▶ Required work: From the material below, reproduce exactly the stretch of lines that begins with the line holding "imageHusqvarna ST224 Snow" and ends with the line holding "Tin Friction Toy", skipping the pictures.

▶ Provided records:
☆ ☆ ☆ ☆ ☆ ☆ ☆

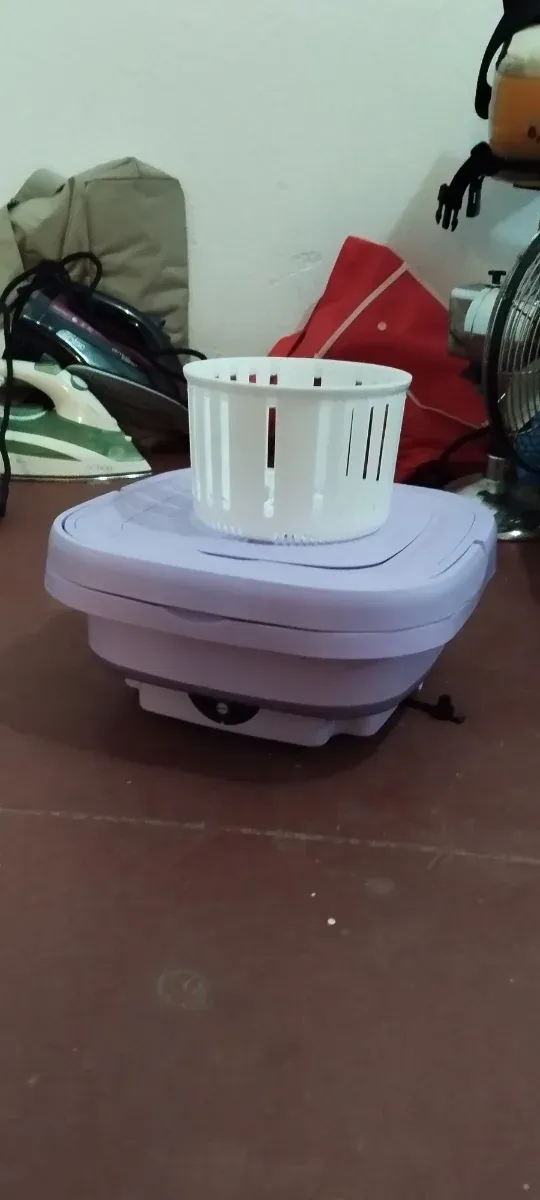 Mini lavadora portátil plegable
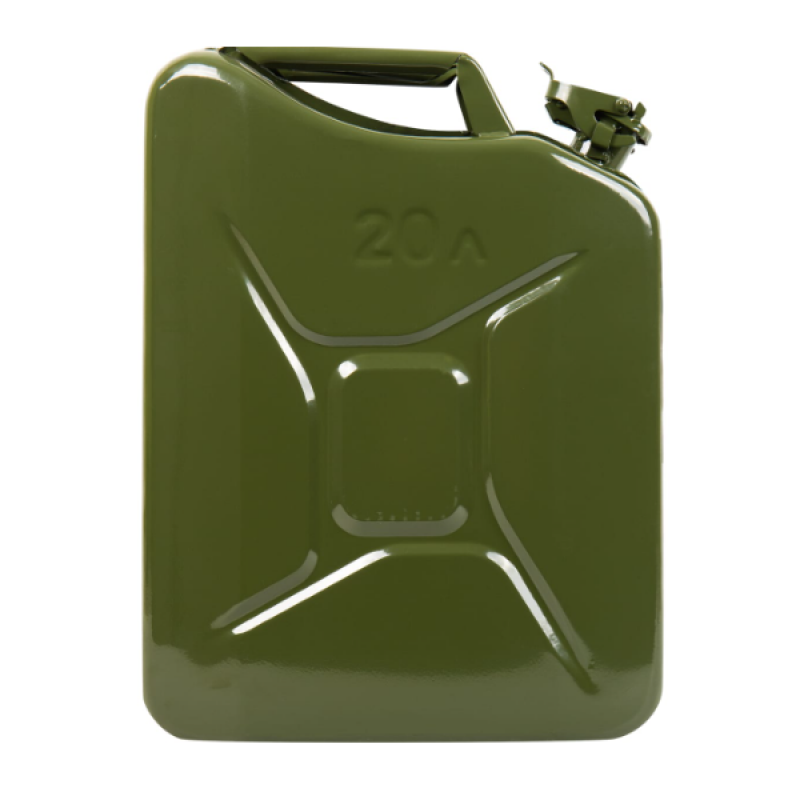 Каністра для бензину 20л Rexxon металева автомобільна 0.8 мм Зелена (RGM-20)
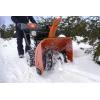imageHusqvarna ST224 Snow Blower 212cc 59HP 24Inch Snow Thrower Friction Disc Transmission Two Stage with Push Button Electric Start and Power Steering Orange208 cc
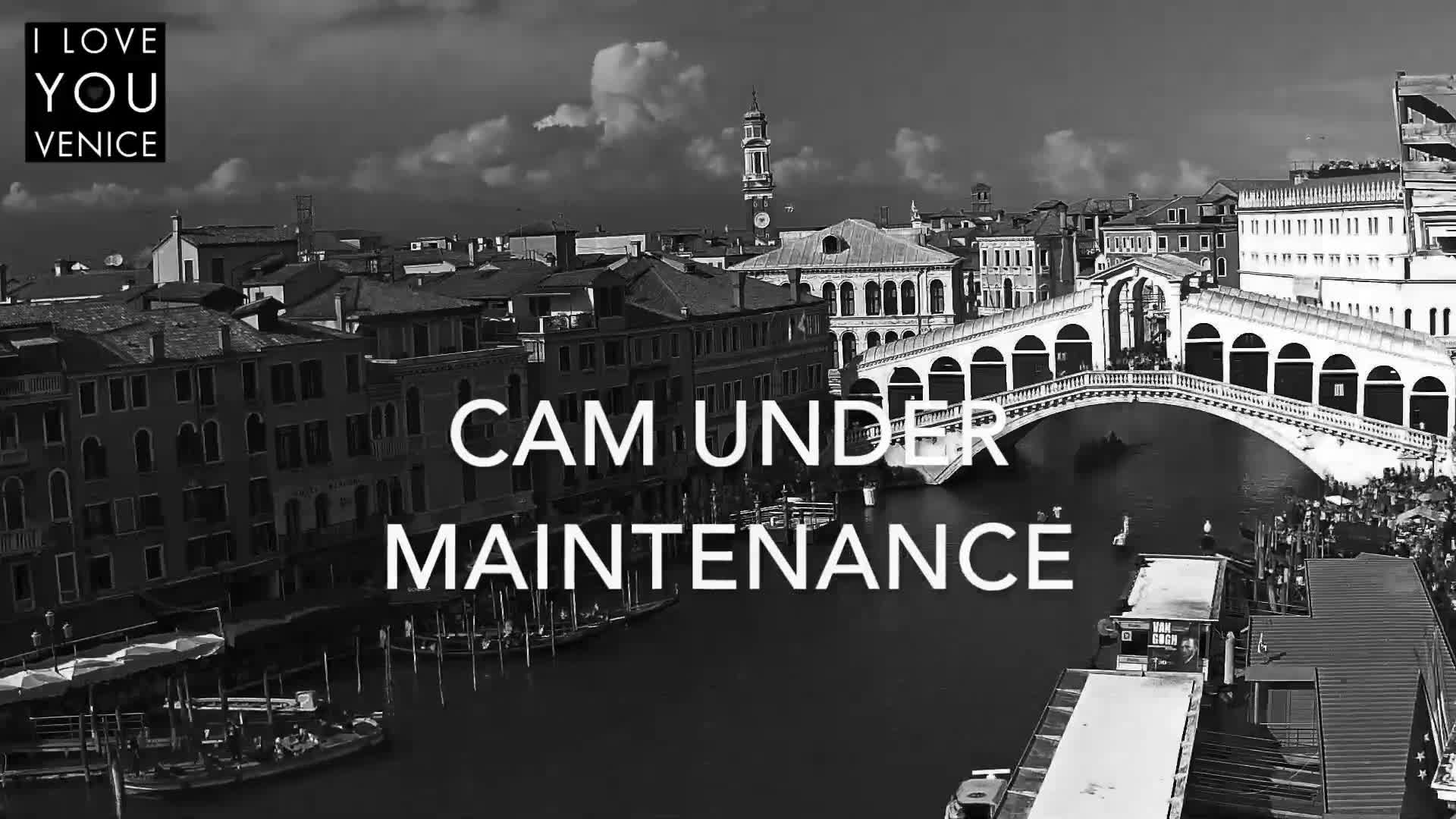 Grand Canal in Venezia Panaromic Live Cam - Venice, Veneto, Italy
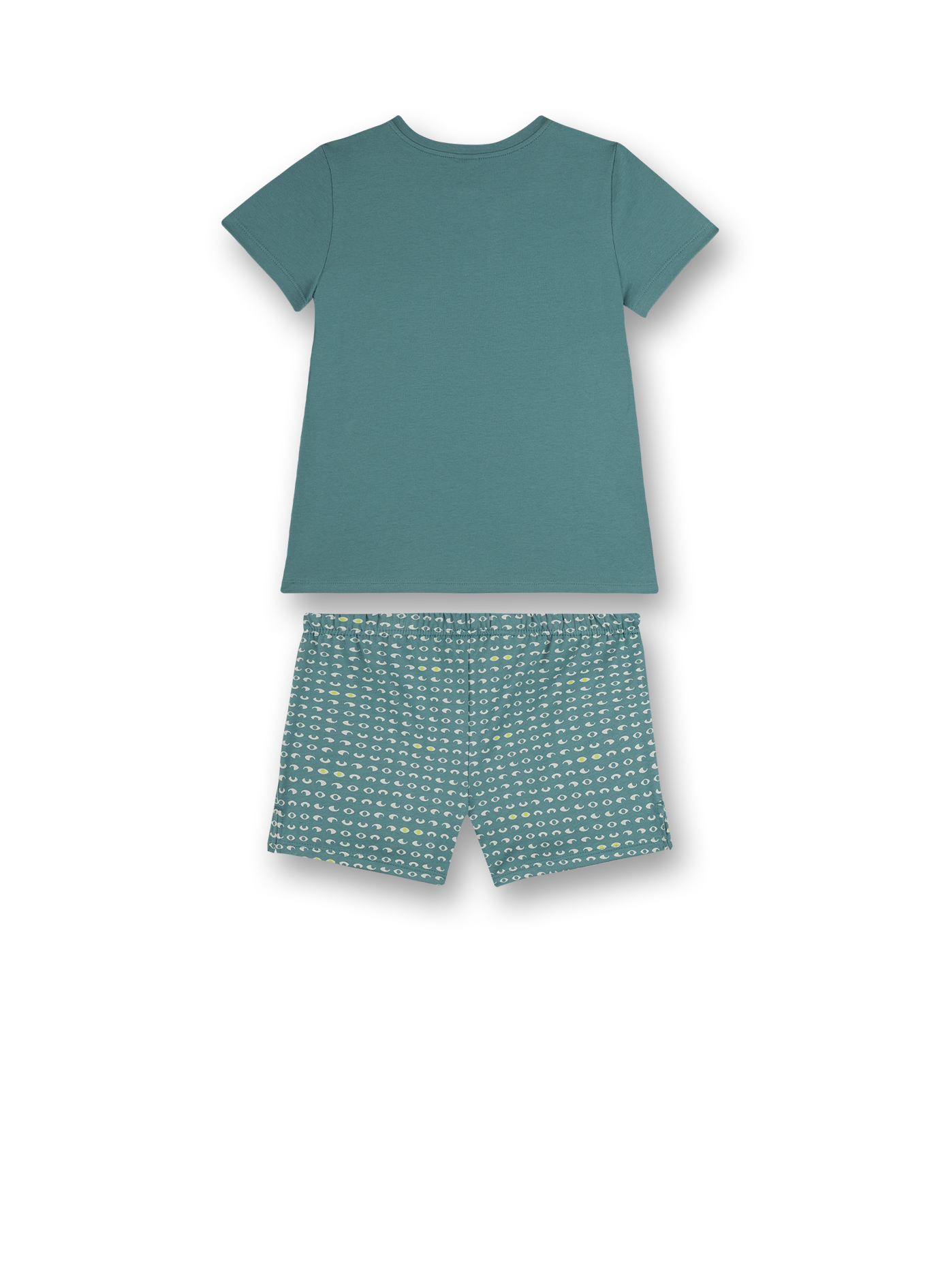 Sanetta Girls Pyjama o Arm blaumeliert Shorts bunt Gr 152 164 176  UVP 29,99 € 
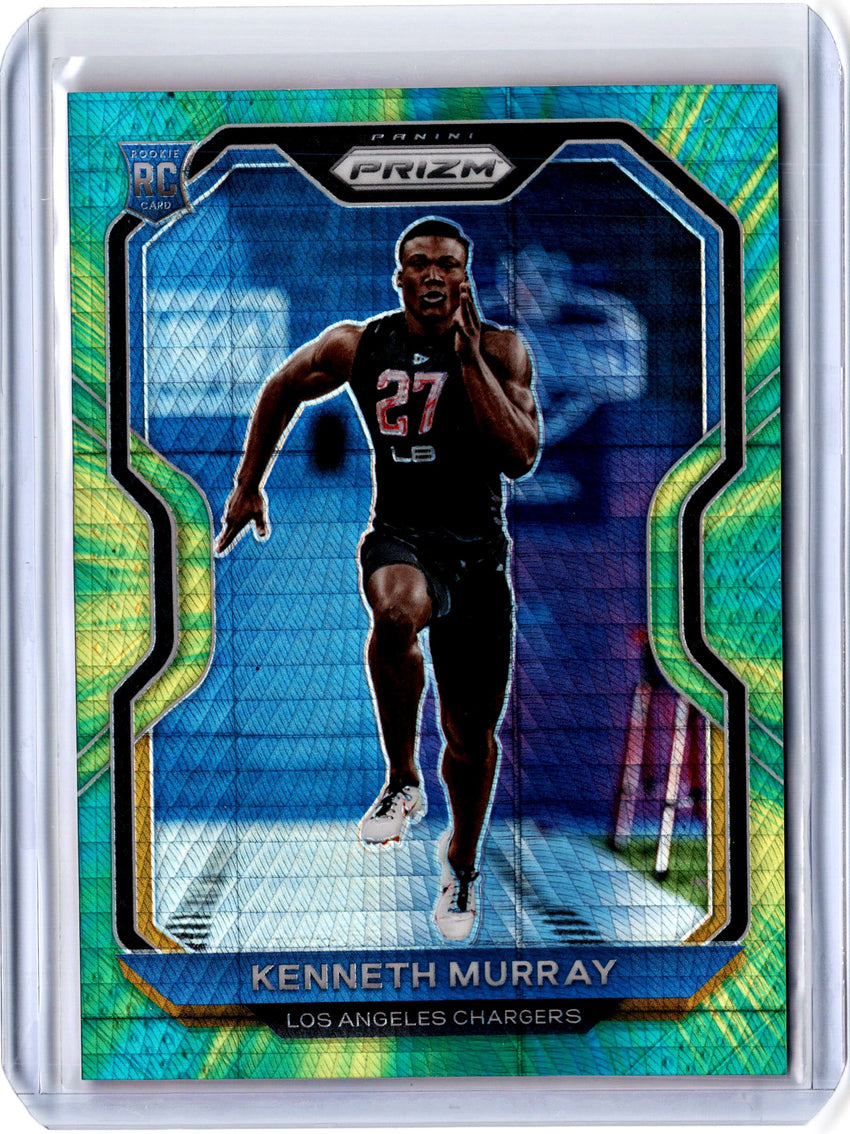 2020 Prizm Football KENNETH MURRAY Hyper Rookie Prizm 2/175-Cherry Collectables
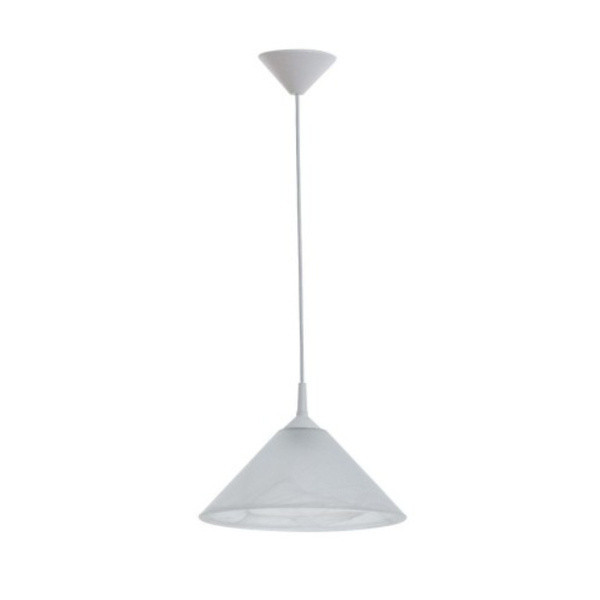 Lampa wisząca CHIŃCZYK biała 1xE27x15W wym:107x29,5x29,5cm IP20 Alfa 1027041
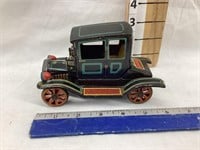 Tin Friction Toy Car, 3 1/4”T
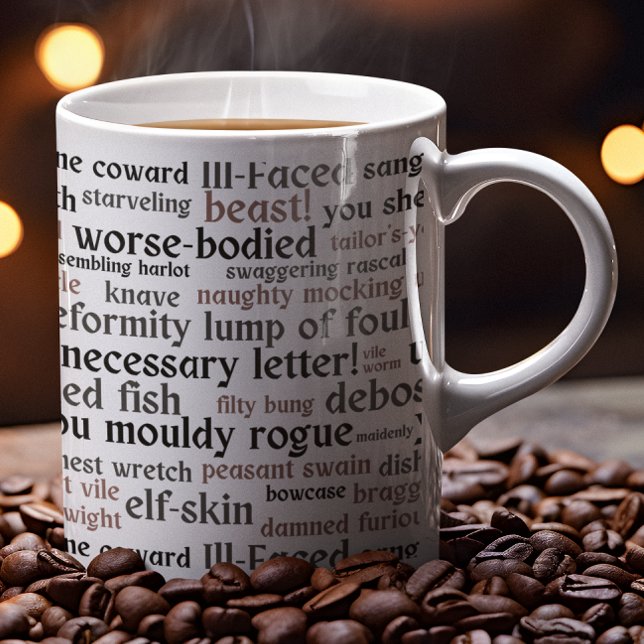 English Teacher Theatre End of School Shakespeare  Coffee Mug (shakespeare insults mug
)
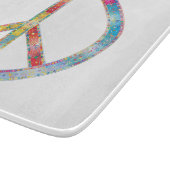 平和カラフル標識 カッティングボード (角)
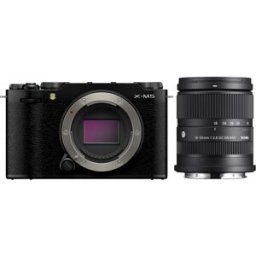 Fujifilm X-M5 Boîtier Noir + Sigma 18-50mm f2,8 Fuji X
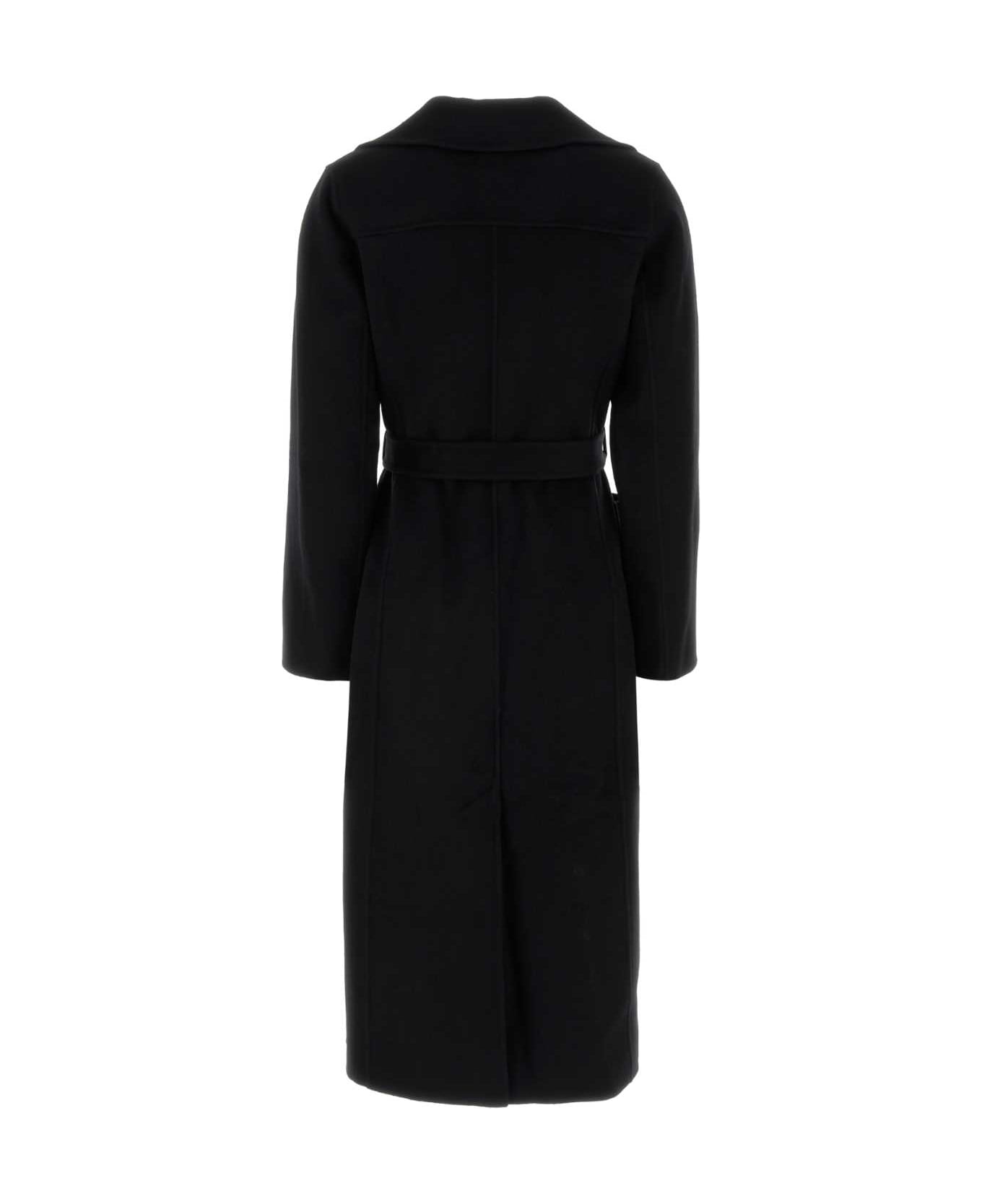 Michael Kors Black Wool Blend Coat - BLACK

☆ ☆ ☆ ☆ ☆ ☆ ☆

▶ Result below:
imageHusqvarna ST224 Snow Blower 212cc 59HP 24Inch Snow Thrower Friction Disc Transmission Two Stage with Push Button Electric Start and Power Steering Orange208 cc
 Grand Canal in Venezia Panaromic Live Cam - Venice, Veneto, Italy
 Sanetta Girls Pyjama o Arm blaumeliert Shorts bunt Gr 152 164 176  UVP 29,99 € 
 2020 Prizm Football KENNETH MURRAY Hyper Rookie Prizm 2/175-Cherry Collectables
 Lampa wisząca CHIŃCZYK biała 1xE27x15W wym:107x29,5x29,5cm IP20 Alfa 1027041
 Tin Friction Toy Car, 3 1/4”T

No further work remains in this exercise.